**Your objective:** Which lines in the data below contain the word "Black"? Copy each of them.

**Crawled caption data:**
▬▬▬▬▬▬

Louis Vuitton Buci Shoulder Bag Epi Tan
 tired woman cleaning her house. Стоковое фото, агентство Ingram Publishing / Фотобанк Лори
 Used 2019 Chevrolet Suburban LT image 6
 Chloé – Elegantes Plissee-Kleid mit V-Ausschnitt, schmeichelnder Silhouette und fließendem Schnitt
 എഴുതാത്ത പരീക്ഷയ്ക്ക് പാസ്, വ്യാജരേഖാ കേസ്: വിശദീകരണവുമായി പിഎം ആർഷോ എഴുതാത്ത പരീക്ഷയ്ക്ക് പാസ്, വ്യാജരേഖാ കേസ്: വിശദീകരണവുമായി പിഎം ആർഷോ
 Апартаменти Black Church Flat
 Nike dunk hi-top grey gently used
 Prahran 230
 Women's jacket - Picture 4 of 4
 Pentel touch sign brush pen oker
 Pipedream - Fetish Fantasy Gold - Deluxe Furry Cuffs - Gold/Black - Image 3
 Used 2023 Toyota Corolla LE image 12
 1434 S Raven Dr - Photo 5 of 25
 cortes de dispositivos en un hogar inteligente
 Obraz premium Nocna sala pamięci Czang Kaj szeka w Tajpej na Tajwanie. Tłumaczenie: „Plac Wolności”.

▬▬▬▬▬▬

**Exercise solution:**
 Апартаменти Black Church Flat
 Pipedream - Fetish Fantasy Gold - Deluxe Furry Cuffs - Gold/Black - Image 3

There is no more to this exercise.